Views: Rutherford should release information from lawsuit

Treasurer Dan Rutherford delivered a forceful, even believable defense of himself last week during a suburban news conference hours after he was hit with a federal lawsuit alleging sexual harassment and coerced campaign work.

Rutherford made a strong case that at least some of the accusations are untrue. There were some holes in his argument, some bigger than others, but it seems obvious that some of the charges are overblown.

For instance, the accuser Ed Michalowski claims in his lawsuit that all the campaign and sexual pressure from Rutherford directly resulted in “leakage of cerebral spinal fluid in the brain,” which seems more than a bit of a stretch. And Rutherford laid out Michalowski’s numerous financial troubles in an attempt to demonstrate that the plaintiff’s need for money was driving much of the lawsuit.

That being said, I’ve had some real worries about Rutherford’s so-called “independent” internal investigation of these allegations.

Rutherford’s top people have been saying for weeks that they fully expected the investigation would clear their guy.

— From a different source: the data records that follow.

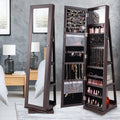 Brown jewelry armoire with mirror in a bedroom setting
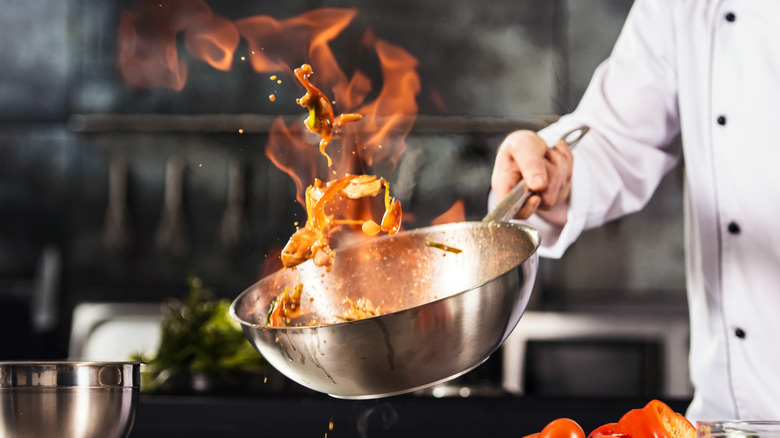 Шеф-повар подбрасывает горящие продукты в вок 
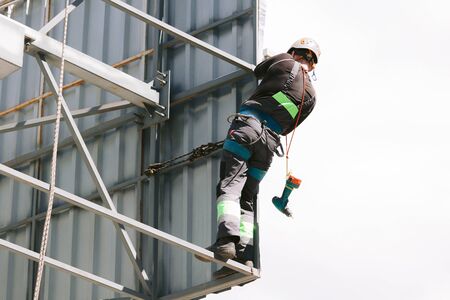 Industrial climber in helmet and overall working on height. Risky job. Professional workerの写真素材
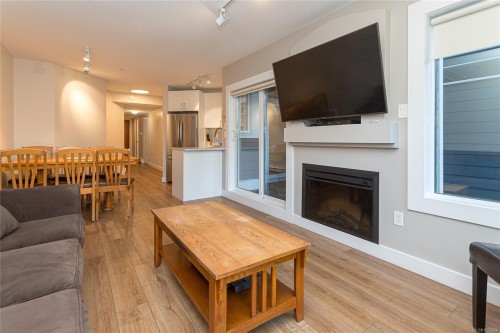 711-1600 Stroulger Rd, Nanoose Bay, BC - Indoor Photo Showing Living Room With Fireplace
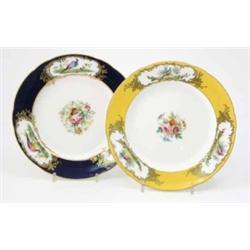 Two Mintons dessert plates, painted with bird vignettes, one against a yellow border, the other a...
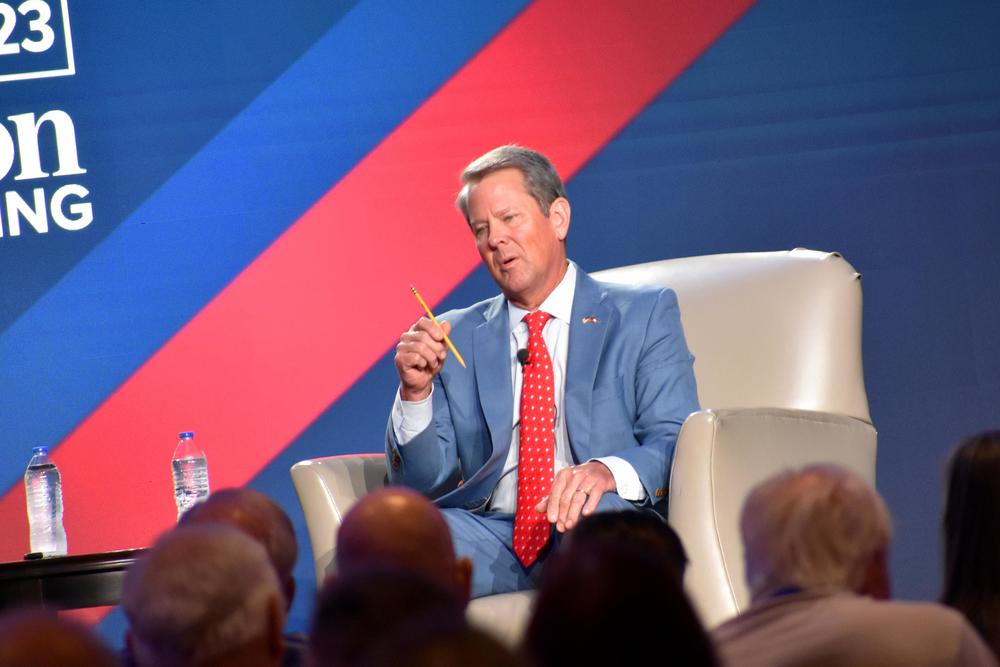 Gov. Brian Kemp speaks at The Gathering, a conservative conference in Atlanta.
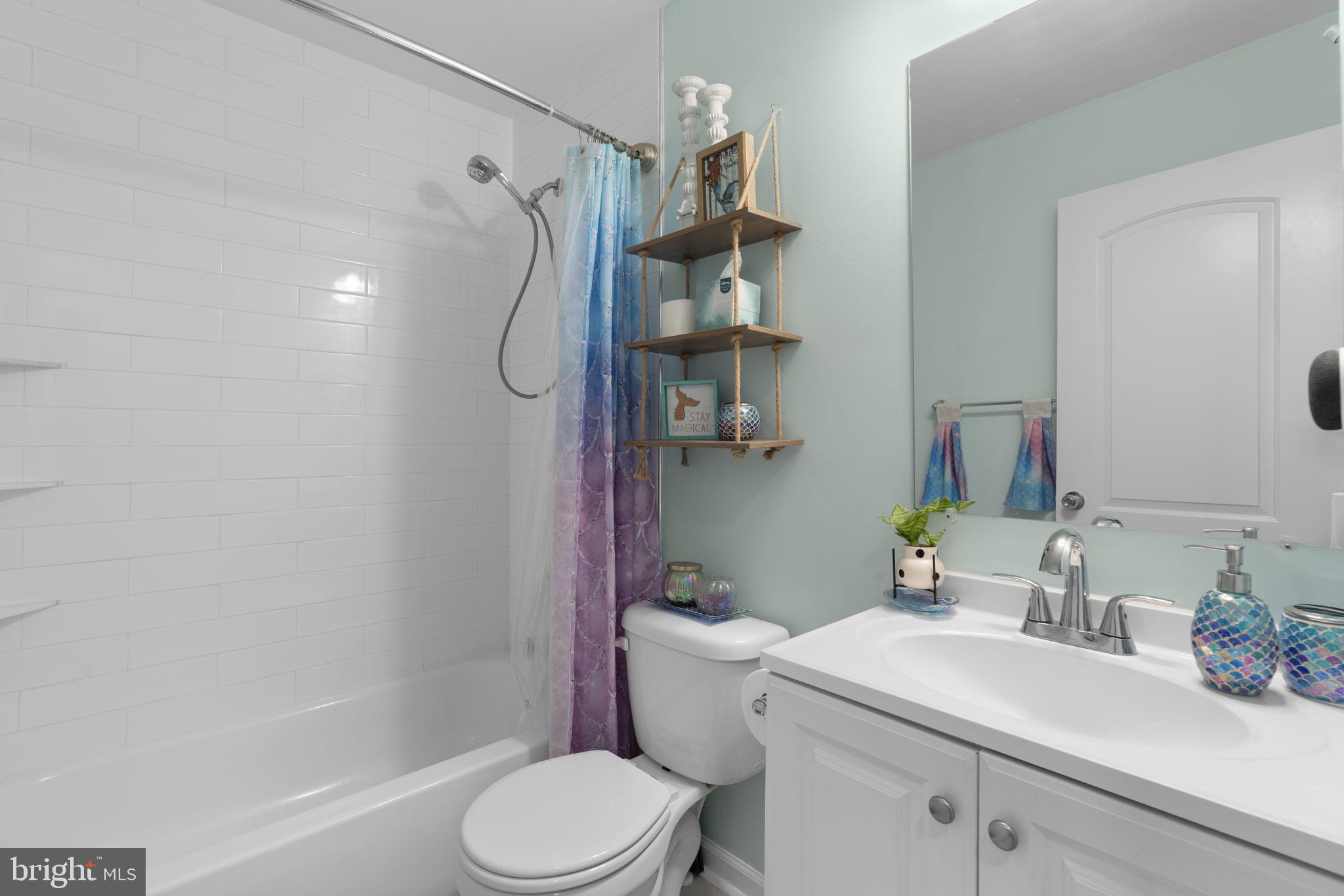 465 Carvel Beach Road Carvel Beach, MD 21226 - Photo 14 of 30 a bathroom with a sink toilet and shower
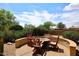 Cozy outdoor firepit area with comfortable seating, perfect for gathering and enjoying evenings outdoors at 17630 N Somerset Dr, Surprise, AZ 85374
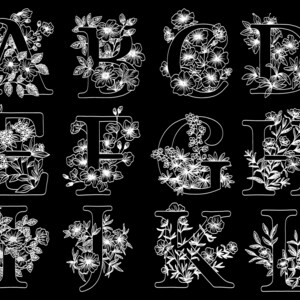 May include: A set of 10 white floral alphabet letters, A through L, with a black background. Each letter is outlined in white and decorated with a floral design.
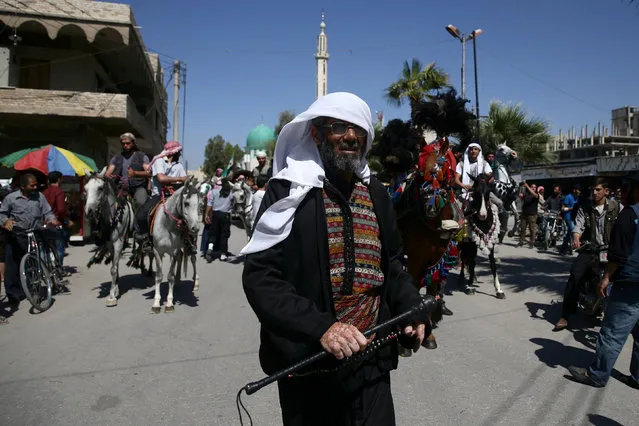 A man wearing traditional clothes takes part in a parade for Arabian horses in the rebel held area of Damascus's Eastern Ghouta suburbs, Syria May 30, 2016. (Photo by Bassam Khabieh/Reuters)
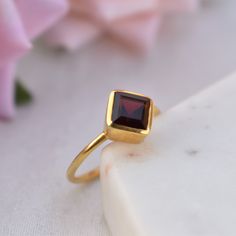 D E T A I L S - Stone: Natural Garnet Stone Shape: Cushion - Square Material: Sterling silver The fit: True to US ring size Finish: Smooth and Gold Plated to a high shine S H I P P I N G & P R O D U C T I O N - My current production time is 2-6 business days, which means after those days are up, your order ships! I make everything custom to order, by hand, but I promise you it's worth the wait! R U S H - M Y - O R D E R - If you're in a rush to get your pretty new pieces, please send me a me January Birthstone Rings, Chalcedony Ring, Lapis Lazuli Ring, Textured Ring, Citrine Ring, Everyday Rings, Garnet Stone, Proposal Ring, Gold Plated Rings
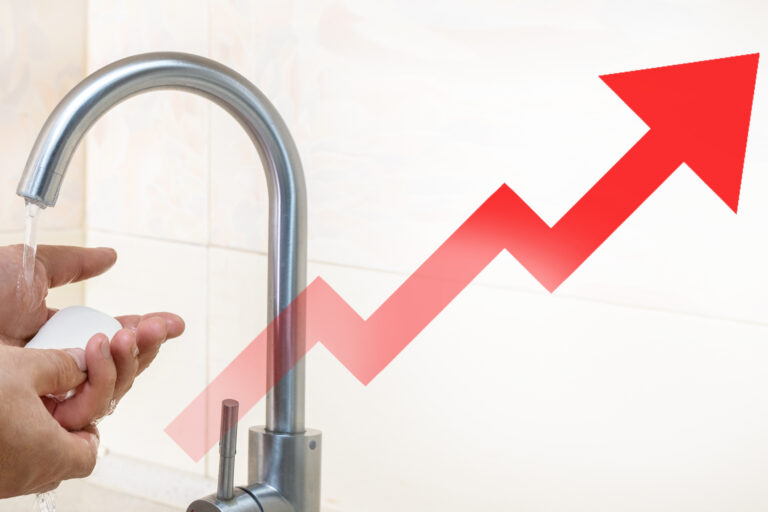 Rising,Water,Prices.,Man,Washing,Her,Hands,And,Red,Growing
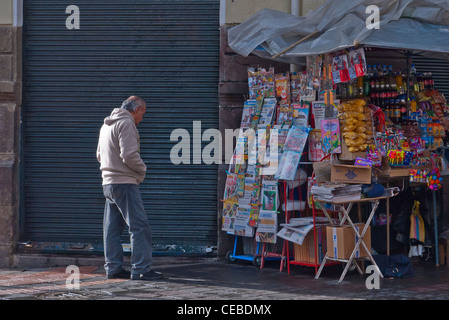 Un 50-60 anno vecchio guarda la rivista la visualizzazione in un edicola in Quito, Ecuador. Foto Stock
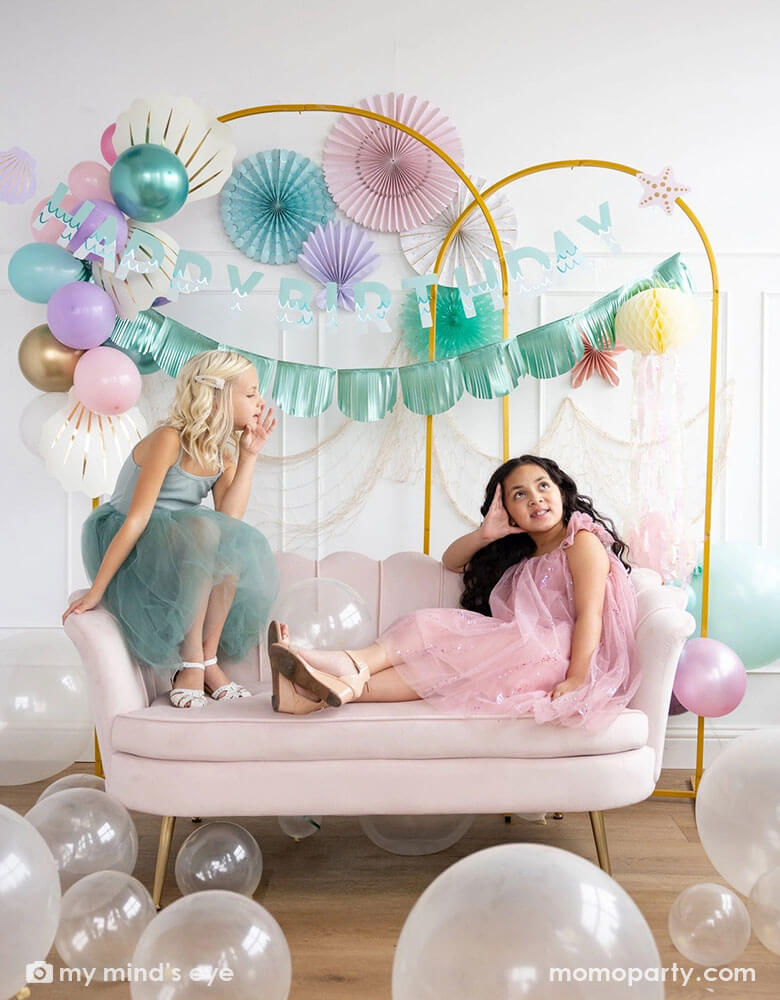 Two school-aged girls sitting on a shell shaped blush sofa in an enchanting kid's mermaid birthday party set up featuring mermaid inspired decorations and balloons from Momo Party including the Under the Sea paper fan set in pastel colors of light pink, aqua, teal, lilac and cream, Mermaid Happy Birthday Banner Set with aqua foil fringe banner and shell shaped paper decorations by My Mind's Eye on the wall. On the floor are some clear latex balloons in various sizes creating a whimsy water bubble scene.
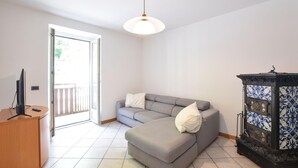 A living room with a grey sofa, a wooden cabinet, a television, and a decorative cabinet with blue and white patterns.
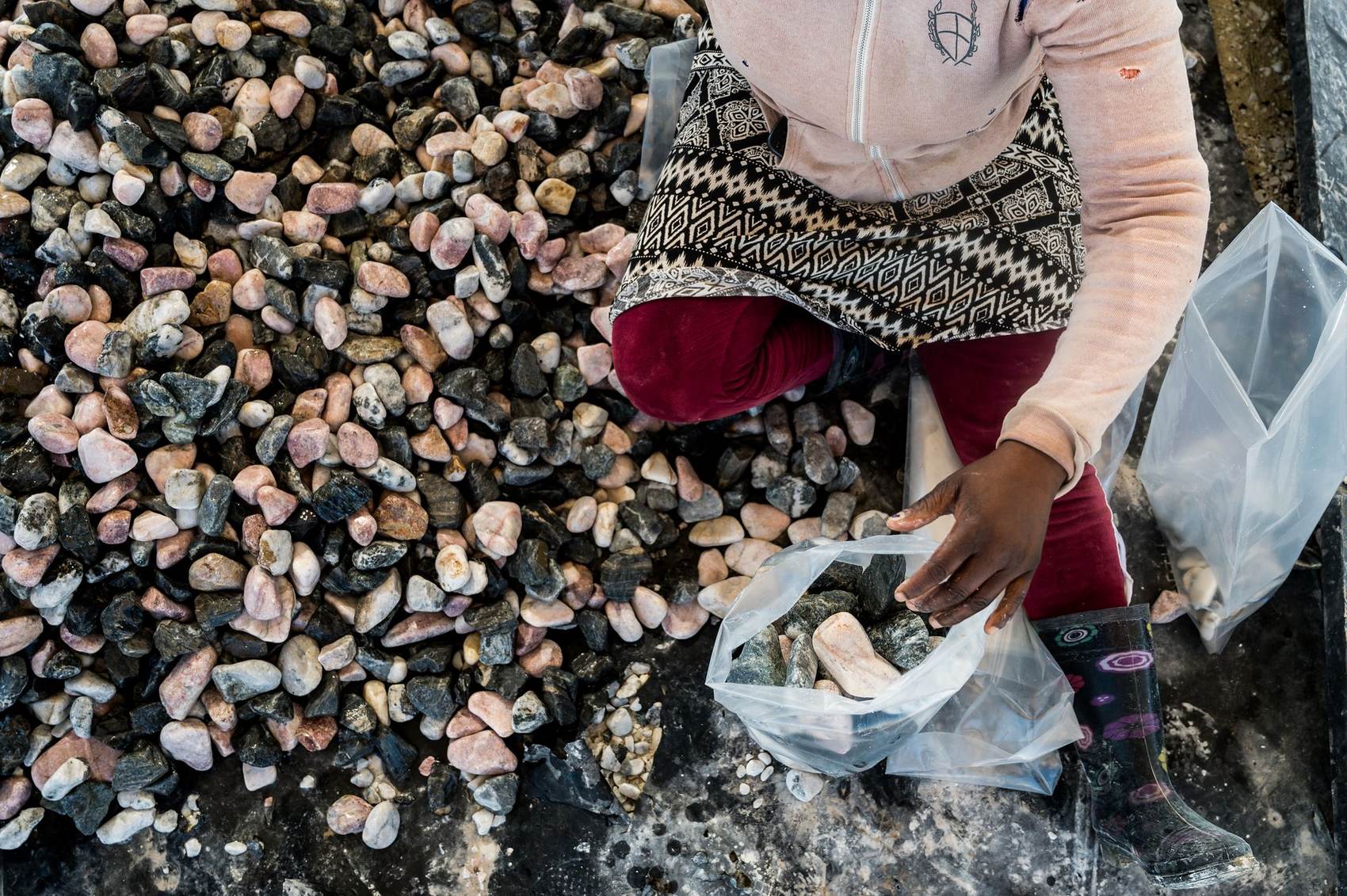 Pebble Africa: Worker sorting pebbles into a bag by hand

I’ve also been concerned that Rutherford would use the so-called “independent” investigation to find out what people in his office were saying about him to help with his lawsuit.

The investigator interviewed several people, starting with some treasurer’s office employees who allowed Michalowski to use their names as either witnesses or corroborators.

The first person to be interviewed brought a recording device and recorded his interview. He reportedly laid out all the goods he had on Rutherford, and it wasn’t pretty.

And then he dropped a bomb. Rutherford’s attorney announced last week that he would not allow the release of information gleaned from that internal investigation. The attorney explained that the office shouldn’t be releasing information while a federal lawsuit is underway,

The explanation has little merit. It’s not wise for a defendant in a federal civil suit to be releasing details of an internal investigation. But Rutherford was not yet legally prohibited from doing so, and he and his staff promised over and over for weeks that the results would be released no matter what.

Despite all his protestations to the contrary, the treasurer will undoubtedly wind up using all those employee interviews to glean information for his legal team about what the other side knows and where the potential mine fields are.

That’s just not acceptable.

If he continues to refuse to release this information, despite all his promises, what does that say about the sort of governor Rutherford would be?

This smacks of a cover-up. If the treasurer wants to retain a shred of credibility moving forward, he ought to overrule his attorney and release the information, come what may.